Joseph Mastropaolo wrote:
>
> John,
>
> Your argument is with the Encyclopaedia Britannica, not me. The text
> was their text, not mine. If you object, present your case to them and,
> if you can, make them change it.
>
> Please do not speak for everyone else. Speak for yourself.
>
> ãSpontaneous generation, in biology, is the theory, now disproved, that
> living organisms sometimes arise from nonliving matter.
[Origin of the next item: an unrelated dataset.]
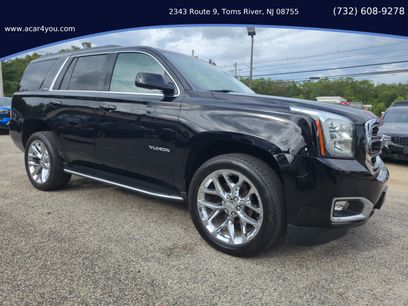 Used 2019 GMC Yukon SLT w/ Open Road Package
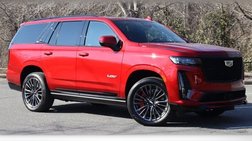 2024 Cadillac Escalade-V Base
It is sometimes
> referred to as abiogenesis, as opposed to biogenesis, the now
> established fact living organisms arise only from the reproduction of
> previously existing organisms.ä This is the Encyclopaedia Britannicaâs
> entry under Spontaneous Generation.
>
> "I subscribe to abiogenesis (spontaneous generation)," as defined above,
> was the statement.
>
> I shall take you off the affirmative list and put you on the negative
> list. Please correct if that was not what you meant in your last
> message.
>
> Joseph Mastropaolo

Joe, do you think this little semantic shell game is fooling anyone? As
has been explained to you, abiogenesis and spontaneous generation are
two distinct ideas. The disctinction has been explained to you, but
rather than responding to the substance of that distinction, you just
keep saying, "That's what the encyclopedia says". If the encycolopedia
brittanica says that abiogenesis and spontaneous generation are the same
thing, then the encyclopedia brittanica is wrong, plain and simple. At
this point, one can only assume that the reason you continue to conflate
the two is that you are either A) incredibly dense; B) dishonest; or C)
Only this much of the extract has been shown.